#### DATA

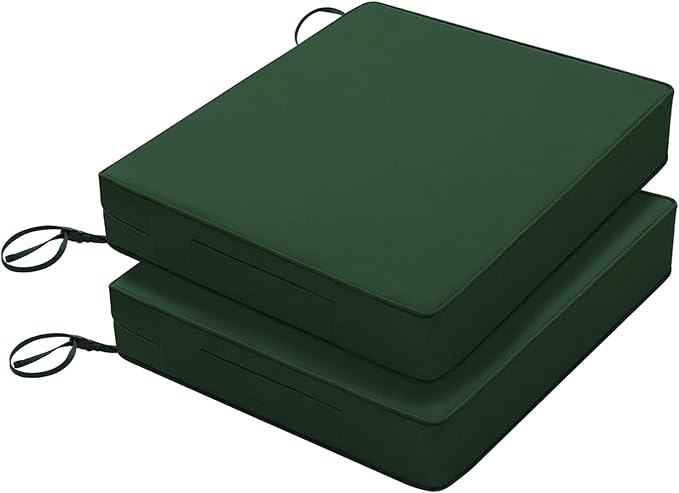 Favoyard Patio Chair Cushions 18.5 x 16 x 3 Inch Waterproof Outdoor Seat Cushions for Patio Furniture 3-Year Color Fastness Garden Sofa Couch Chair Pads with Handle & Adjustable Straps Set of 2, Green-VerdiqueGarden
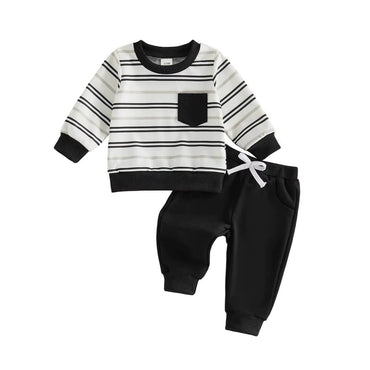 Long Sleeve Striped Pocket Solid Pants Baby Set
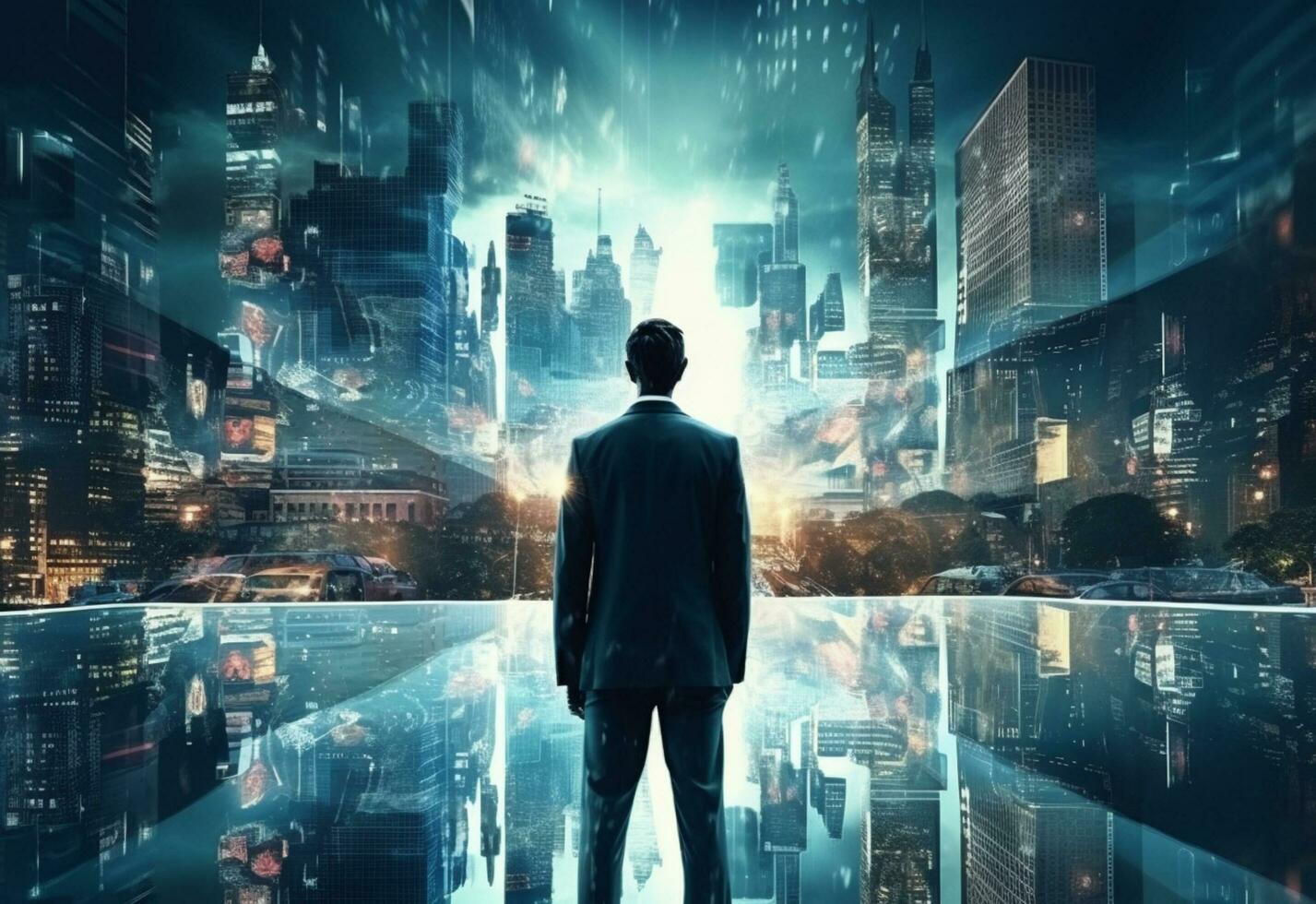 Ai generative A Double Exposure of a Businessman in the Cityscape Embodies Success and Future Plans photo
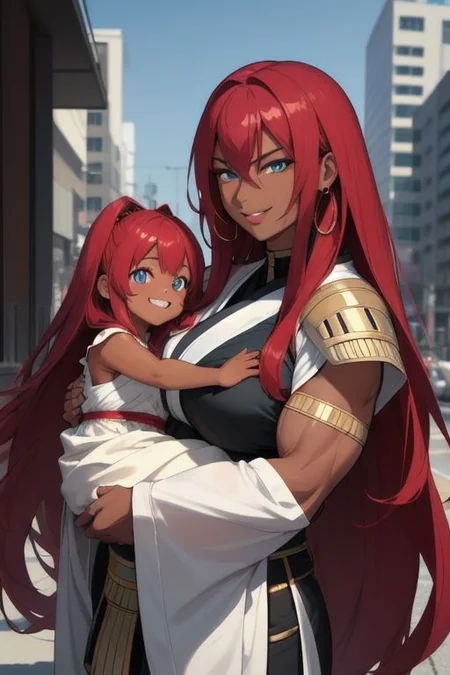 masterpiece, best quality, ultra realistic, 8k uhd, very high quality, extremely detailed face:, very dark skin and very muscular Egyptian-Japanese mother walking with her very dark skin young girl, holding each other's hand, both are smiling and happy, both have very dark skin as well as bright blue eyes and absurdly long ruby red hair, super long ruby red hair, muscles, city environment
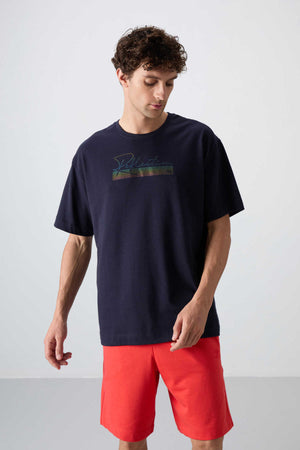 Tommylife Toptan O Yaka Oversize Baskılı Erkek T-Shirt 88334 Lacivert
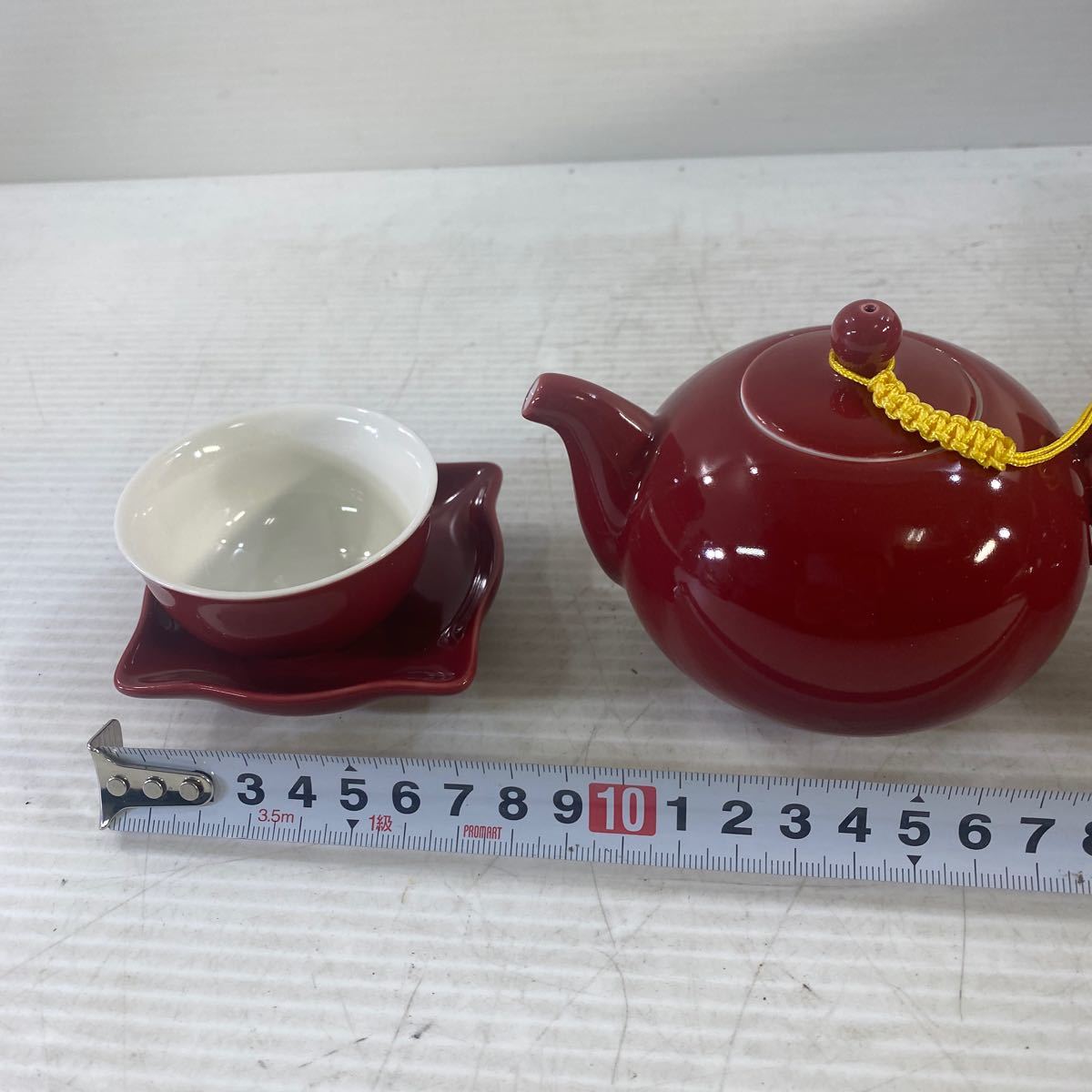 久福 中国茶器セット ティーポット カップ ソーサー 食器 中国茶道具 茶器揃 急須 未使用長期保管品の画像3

#### TASK DETAILS
Nothing but the lines from the line holding "Tommylife Toptan O" through the last line of the entries above is to be reproduced, exactly and without pictures.

#### RESPONSE TO THIS TASK
 Tommylife Toptan O Yaka Oversize Baskılı Erkek T-Shirt 88334 Lacivert
 久福 中国茶器セット ティーポット カップ ソーサー 食器 中国茶道具 茶器揃 急須 未使用長期保管品の画像3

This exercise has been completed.